Archive for May, 2007

What’s with so much ECW on RAW?

Thursday, May 24th, 2007

I think ECW is taking over WWE Raw. Ever since before WrestleMania, when WWE started promoting the billionaire hair match feud between Vince McMahon and Donald Trump, with ECW Champion Bobby Lashley and Umaga as the stand-ins for the billionaires, Lashley has been getting more and more face-time on RAW than on ECW On SciFi, where he belongs.

Perhaps Lashley has massive student loan debt and needs to look into school loan consolidation to get out of hock, but his amount of exposure on Raw reached ridiculous proportions that make you wonder who he owes that he’s trying to pay off with all this overtime pay.

This week Lashley had to “run the gauntlet” on Raw to get the right to face Vinnie Mac one-on-one at the One Night Stand PPV and earn the ECW Title back. (Lashley lost it to McMahon a couple PPVs ago, after WrestleMania.) That resulted in Lashley wrestling four opponents, including Chris Masters, Big Viz, Umaga and Shane McMahon, needing to win all four to get his one-on-one with Vinnie Mac.

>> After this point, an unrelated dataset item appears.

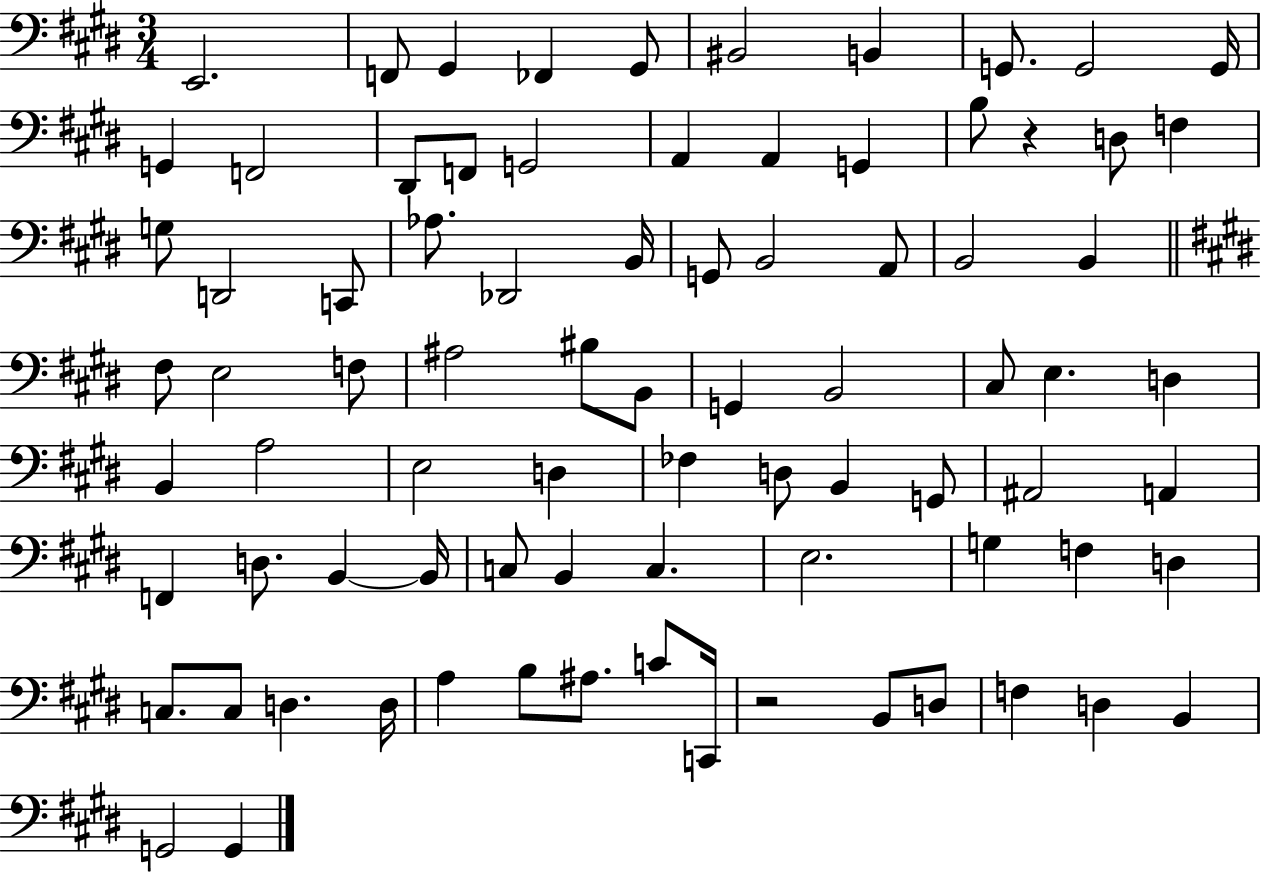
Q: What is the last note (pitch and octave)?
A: G2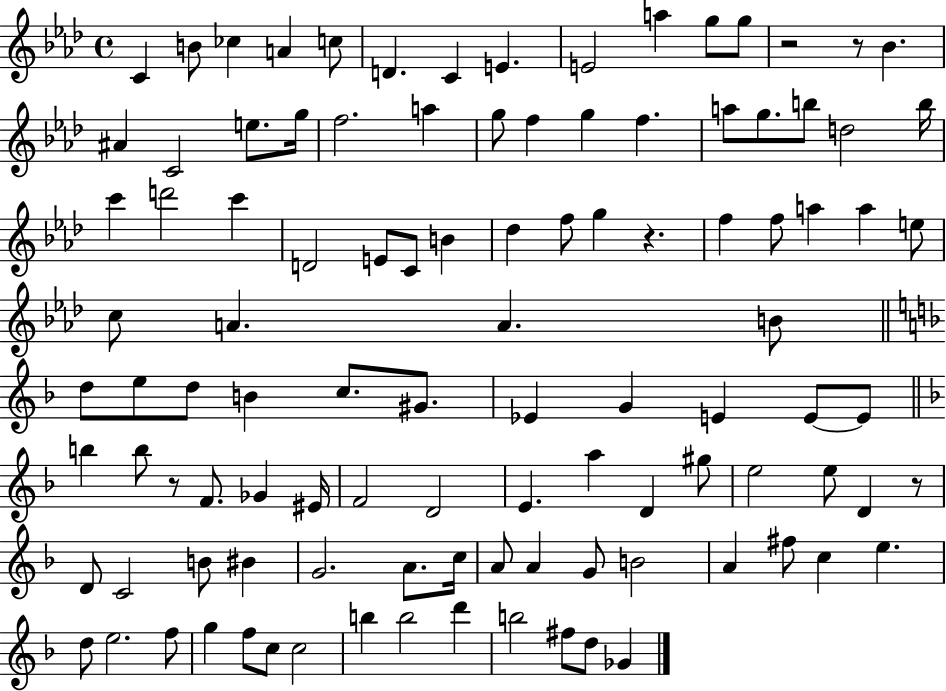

As a McMahon-Austin redeux, the McMahon-Lashley feud is entertaining enough, I suppose, but Lashley’s spending more time on Raw than on ECW, and it’s hurting the ECW program. Heck, One Night Stand used to be an ECW-only, or at least ECW vs. WWE PPV event, but this year it is just another PPV with Raw and Smackdown matches that have no connection to the ECW brand, other than all the matches at One Night Stand will be extreme rules matches.

Someone get on the phone and find a way to get Paul Heyman back on the WWE payroll so he can get ECW back on track, OK? Thank you.

Is HBK’s concussion legit or storyline?

Thursday, May 24th, 2007

There wasn’t much in the way of entertainment value to be gained from watching HBK’s concussion and attempt to wrestle through it on last weekend’s Judgment Day PPV. While it’s clear Shawn Michaels needs some kind of break from the biz, perhaps even a Kissimmee vacation, what’s not clear is whether the concussion is legit, or whether it’s a storyline excuse to give the aging superstar some time off from the WWE grind.

Right now, I’d have to guess it’s legit, if only because the match seemed pointless to the point of squeamishness. If it was only a storyline concussion to give HBK a few months off, the whole thing could have been way more entertaining in how it played out.

Either way, the result is a non-match that gets Randy Orton back over as a hardcore heel, a “legend killer,” as he prefers to be known in the storyline and the ring. With Edge moving over to SmackDown, and both Triple H and HBK out of action for the foreseeable future, Orton definitely needs to step up his game and become the top storyline heel for Raw … aside, of course, from Khali, who should be feuding with John Cena though SummerSlam, at least.

Cena vs. Khali, at last!

Wednesday, May 23rd, 2007

Remember when WWF wrestlers went around wearing motorcycle sunglasses as a way to either seem like a shifty bad guy or a cool good guy? Simple wardrobe cues like that are no longer commonplace, and modern WWE wrestling is that much better for the change. No longer pretending to be anything but entertainment has allowed wrestling storylines to enjoy a broader array of babyfaces and heels.

However, there’s nothing quite so classic as the big, huge, unstoppable, David-and-Goliath type of storyline to get a good-guy champion over with fans as vulnerable and perhaps doomed. It worked best, and at its most classic, at WrestleMania III and IV when champion Hulk Hogan faced the most storied giant in wrestling history, Andre the Giant.

The only regrettable thing about Hogan-Andre was that Andre was not well late in his career when the classic match-ups took place, making the matches themselves seem a bit sad, rather than being quite as dramatic as they would have been, say, five years earlier in Andre’s career.

I’ve been advocating for a long time - well before this year’s WrestleMania, that the WWE needed to focus on putting over a John Cena - Great Khali rivalry that would reach its zenith at WrestleMania. Instead, WWE pushed the mostly-uninspiring Cena-HBK feud that fizzled more than it sizzled at the annual main event, the Super Bowl of WWE PPVs.

Now, at least, the feud between Cena and Khali is finally underway and the matches are being booked correctly, with Khali as the unstoppable force of nature and Cena as the immovable champion. So far, the feud is hitting all the right notes and even when Cena wins, it seems more by chance than dominance. Considering Cena is suffering from typical overexposure and fans booing him despite his face-style booking, this is exactly the kind of feud Cena needs to rebuild his popularity.

The only problem? Unless the title changes hands to Khali at some point, there’s little chance that a Cena-Khali feud can be sustained through to next year’s WrestleMania. There’s just too many hours of WWE TV and WWE PPVs between now and then.